*** Opening Record set ***

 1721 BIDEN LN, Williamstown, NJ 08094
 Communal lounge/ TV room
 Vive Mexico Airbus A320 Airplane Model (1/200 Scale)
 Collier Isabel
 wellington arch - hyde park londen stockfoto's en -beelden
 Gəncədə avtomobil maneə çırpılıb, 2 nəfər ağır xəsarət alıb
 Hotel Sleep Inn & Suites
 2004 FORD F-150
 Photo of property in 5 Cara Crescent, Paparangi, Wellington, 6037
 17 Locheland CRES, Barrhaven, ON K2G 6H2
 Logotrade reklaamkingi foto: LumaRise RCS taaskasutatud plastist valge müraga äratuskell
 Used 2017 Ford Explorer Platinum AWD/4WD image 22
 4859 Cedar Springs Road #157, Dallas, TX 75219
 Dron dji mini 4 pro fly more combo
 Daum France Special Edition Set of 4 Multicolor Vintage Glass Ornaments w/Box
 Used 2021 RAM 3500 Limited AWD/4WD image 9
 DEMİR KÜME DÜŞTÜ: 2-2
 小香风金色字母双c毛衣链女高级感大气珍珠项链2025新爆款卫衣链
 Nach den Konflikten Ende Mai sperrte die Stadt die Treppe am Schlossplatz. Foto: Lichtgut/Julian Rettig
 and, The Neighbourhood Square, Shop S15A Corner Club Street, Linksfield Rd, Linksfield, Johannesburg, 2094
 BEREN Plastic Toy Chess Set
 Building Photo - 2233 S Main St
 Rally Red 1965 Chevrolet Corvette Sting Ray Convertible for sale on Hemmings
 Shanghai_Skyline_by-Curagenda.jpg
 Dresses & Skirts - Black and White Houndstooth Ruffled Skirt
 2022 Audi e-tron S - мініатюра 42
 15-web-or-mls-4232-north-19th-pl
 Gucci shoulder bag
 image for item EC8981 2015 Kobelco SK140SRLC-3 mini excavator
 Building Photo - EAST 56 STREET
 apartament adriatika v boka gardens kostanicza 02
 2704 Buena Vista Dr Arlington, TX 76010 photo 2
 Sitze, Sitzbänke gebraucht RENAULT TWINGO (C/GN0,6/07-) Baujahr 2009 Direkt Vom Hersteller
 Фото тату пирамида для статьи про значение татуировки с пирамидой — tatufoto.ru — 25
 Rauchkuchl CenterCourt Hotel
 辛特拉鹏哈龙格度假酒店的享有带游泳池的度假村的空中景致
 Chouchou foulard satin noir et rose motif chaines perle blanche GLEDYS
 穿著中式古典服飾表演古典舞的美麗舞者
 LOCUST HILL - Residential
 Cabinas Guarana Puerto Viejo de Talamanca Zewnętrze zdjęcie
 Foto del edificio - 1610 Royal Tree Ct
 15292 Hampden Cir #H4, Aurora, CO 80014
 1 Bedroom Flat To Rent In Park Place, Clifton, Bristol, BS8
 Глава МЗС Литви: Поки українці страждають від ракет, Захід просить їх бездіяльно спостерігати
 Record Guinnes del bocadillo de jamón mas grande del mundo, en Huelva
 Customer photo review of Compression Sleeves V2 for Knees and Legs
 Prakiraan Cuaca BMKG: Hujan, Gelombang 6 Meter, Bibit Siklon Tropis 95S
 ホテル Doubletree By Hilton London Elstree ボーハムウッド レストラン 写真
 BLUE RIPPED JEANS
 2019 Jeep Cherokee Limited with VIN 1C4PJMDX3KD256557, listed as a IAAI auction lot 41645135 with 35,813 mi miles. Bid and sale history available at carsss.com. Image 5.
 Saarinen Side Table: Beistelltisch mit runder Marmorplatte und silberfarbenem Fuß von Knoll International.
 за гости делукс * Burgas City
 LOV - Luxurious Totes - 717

*** Closing Record set ***

Problem to work on: For this exercise, output the entries above exactly as written.

Exercise output:
 1721 BIDEN LN, Williamstown, NJ 08094
 Communal lounge/ TV room
 Vive Mexico Airbus A320 Airplane Model (1/200 Scale)
 Collier Isabel
 wellington arch - hyde park londen stockfoto's en -beelden
 Gəncədə avtomobil maneə çırpılıb, 2 nəfər ağır xəsarət alıb
 Hotel Sleep Inn & Suites
 2004 FORD F-150
 Photo of property in 5 Cara Crescent, Paparangi, Wellington, 6037
 17 Locheland CRES, Barrhaven, ON K2G 6H2
 Logotrade reklaamkingi foto: LumaRise RCS taaskasutatud plastist valge müraga äratuskell
 Used 2017 Ford Explorer Platinum AWD/4WD image 22
 4859 Cedar Springs Road #157, Dallas, TX 75219
 Dron dji mini 4 pro fly more combo
 Daum France Special Edition Set of 4 Multicolor Vintage Glass Ornaments w/Box
 Used 2021 RAM 3500 Limited AWD/4WD image 9
 DEMİR KÜME DÜŞTÜ: 2-2
 小香风金色字母双c毛衣链女高级感大气珍珠项链2025新爆款卫衣链
 Nach den Konflikten Ende Mai sperrte die Stadt die Treppe am Schlossplatz. Foto: Lichtgut/Julian Rettig
 and, The Neighbourhood Square, Shop S15A Corner Club Street, Linksfield Rd, Linksfield, Johannesburg, 2094
 BEREN Plastic Toy Chess Set
 Building Photo - 2233 S Main St
 Rally Red 1965 Chevrolet Corvette Sting Ray Convertible for sale on Hemmings
 Shanghai_Skyline_by-Curagenda.jpg
 Dresses & Skirts - Black and White Houndstooth Ruffled Skirt
 2022 Audi e-tron S - мініатюра 42
 15-web-or-mls-4232-north-19th-pl
 Gucci shoulder bag
 image for item EC8981 2015 Kobelco SK140SRLC-3 mini excavator
 Building Photo - EAST 56 STREET
 apartament adriatika v boka gardens kostanicza 02
 2704 Buena Vista Dr Arlington, TX 76010 photo 2
 Sitze, Sitzbänke gebraucht RENAULT TWINGO (C/GN0,6/07-) Baujahr 2009 Direkt Vom Hersteller
 Фото тату пирамида для статьи про значение татуировки с пирамидой — tatufoto.ru — 25
 Rauchkuchl CenterCourt Hotel
 辛特拉鹏哈龙格度假酒店的享有带游泳池的度假村的空中景致
 Chouchou foulard satin noir et rose motif chaines perle blanche GLEDYS
 穿著中式古典服飾表演古典舞的美麗舞者
 LOCUST HILL - Residential
 Cabinas Guarana Puerto Viejo de Talamanca Zewnętrze zdjęcie
 Foto del edificio - 1610 Royal Tree Ct
 15292 Hampden Cir #H4, Aurora, CO 80014
 1 Bedroom Flat To Rent In Park Place, Clifton, Bristol, BS8
 Глава МЗС Литви: Поки українці страждають від ракет, Захід просить їх бездіяльно спостерігати
 Record Guinnes del bocadillo de jamón mas grande del mundo, en Huelva
 Customer photo review of Compression Sleeves V2 for Knees and Legs
 Prakiraan Cuaca BMKG: Hujan, Gelombang 6 Meter, Bibit Siklon Tropis 95S
 ホテル Doubletree By Hilton London Elstree ボーハムウッド レストラン 写真
 BLUE RIPPED JEANS
 2019 Jeep Cherokee Limited with VIN 1C4PJMDX3KD256557, listed as a IAAI auction lot 41645135 with 35,813 mi miles. Bid and sale history available at carsss.com. Image 5.
 Saarinen Side Table: Beistelltisch mit runder Marmorplatte und silberfarbenem Fuß von Knoll International.
 за гости делукс * Burgas City
 LOV - Luxurious Totes - 717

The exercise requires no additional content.